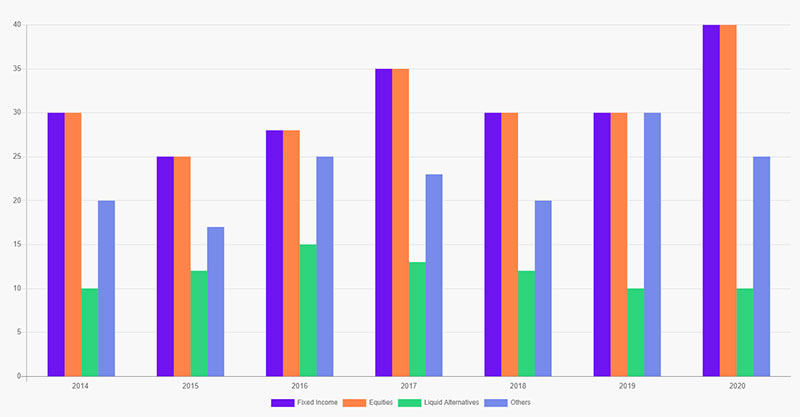 Chart by Nexter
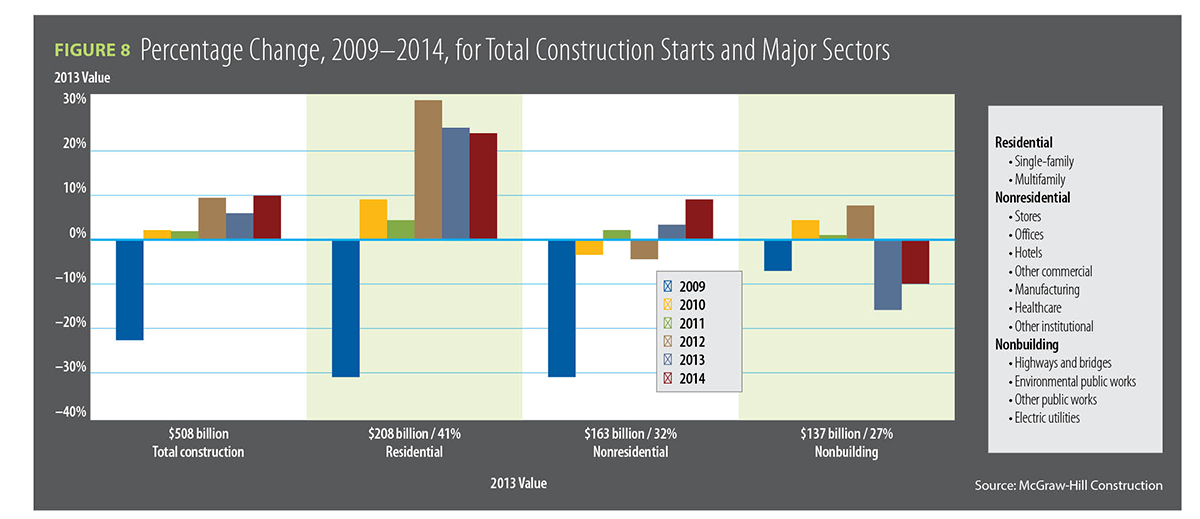 Figure 8, percentage change 2009-2014, for total construction starts and major sectors / 2014 Construction Outlook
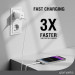 4smarts GaN 2C Wall Charger Dual USB-C 36W - захранване за ел. мрежа с 2xUSB-C PD изходи с технология за бързо зареждане (бял)  5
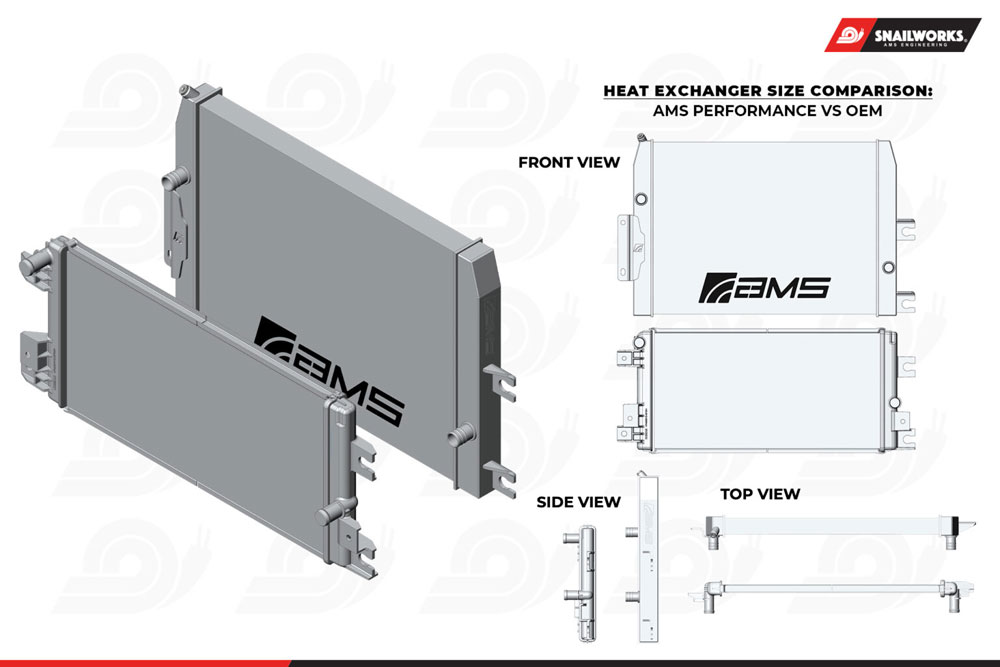 AMS Performance Nissan Z Heat Exchanger Size Comparison
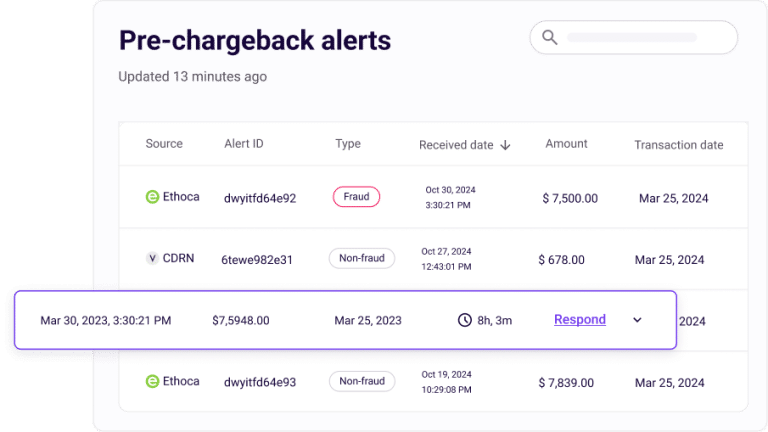 Chargeback Alerts & Rapid Dispute Resolution | Justt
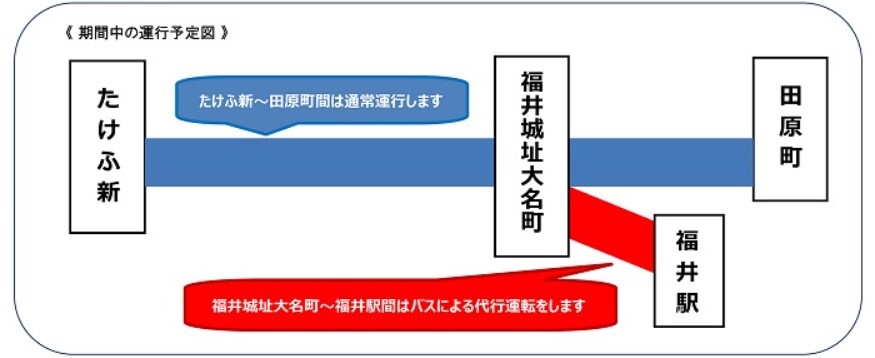 運行予定図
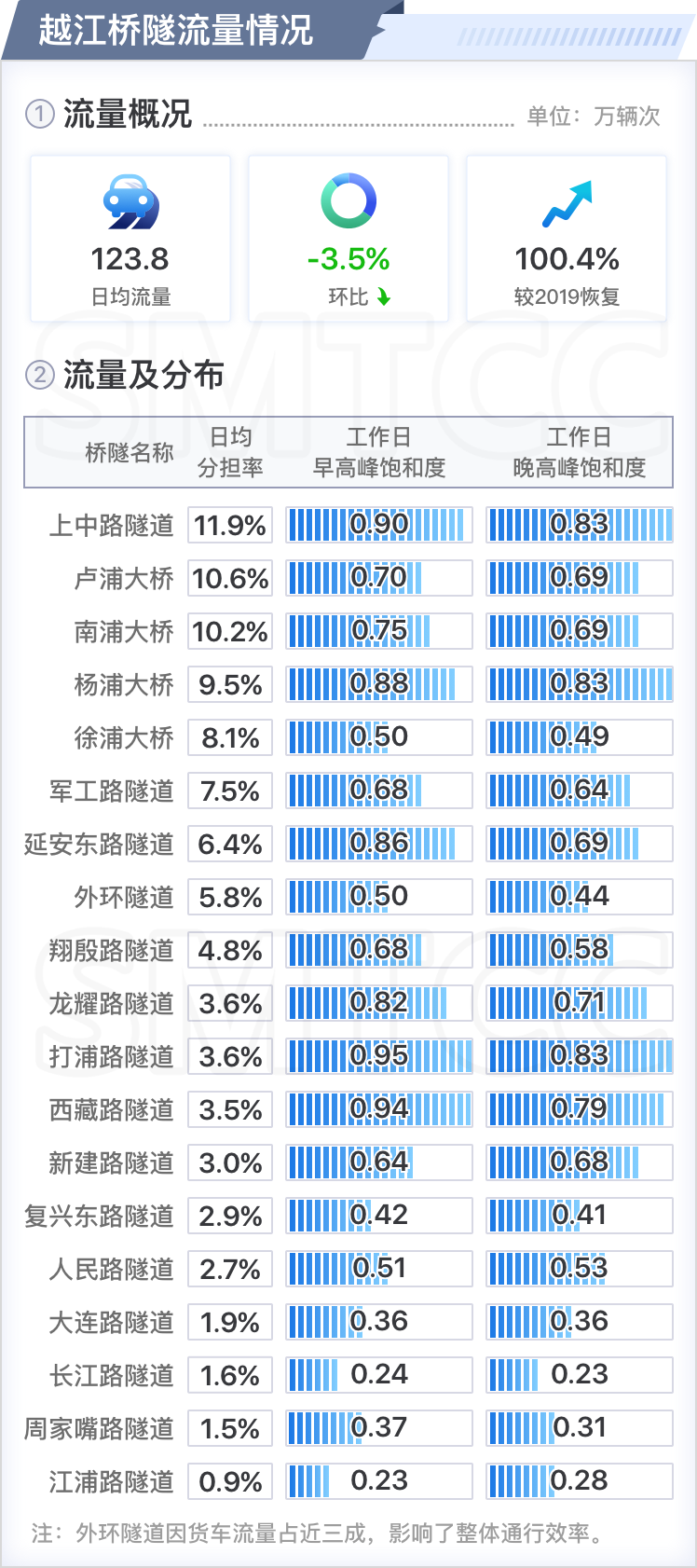 新澳门天天彩开奖结果记录,迅速设计执行方案_理财版48.128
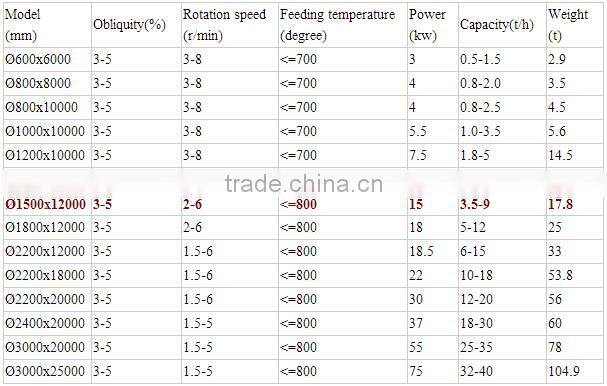 1.5m*12m rotary dryer for drying chicken manure with competitive price
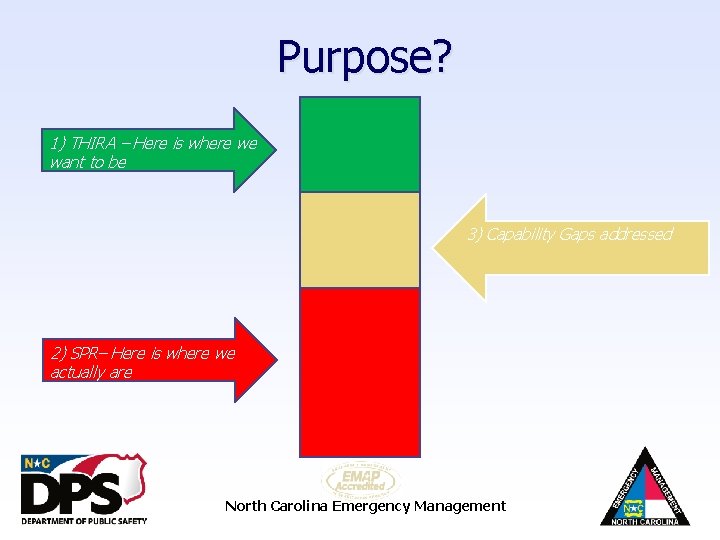 Purpose? 1) THIRA – Here is where we want to be 3) Capability Gaps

- ACTIVITY -
Without including any pictures, copy every line above exactly.

- SOLUTION TO THIS EXERCISE -
 Chart by Nexter
 Figure 8, percentage change 2009-2014, for total construction starts and major sectors / 2014 Construction Outlook
 4smarts GaN 2C Wall Charger Dual USB-C 36W - захранване за ел. мрежа с 2xUSB-C PD изходи с технология за бързо зареждане (бял)  5
 AMS Performance Nissan Z Heat Exchanger Size Comparison
 Chargeback Alerts & Rapid Dispute Resolution | Justt
 運行予定図
 新澳门天天彩开奖结果记录,迅速设计执行方案_理财版48.128
 1.5m*12m rotary dryer for drying chicken manure with competitive price
 Purpose? 1) THIRA – Here is where we want to be 3) Capability Gaps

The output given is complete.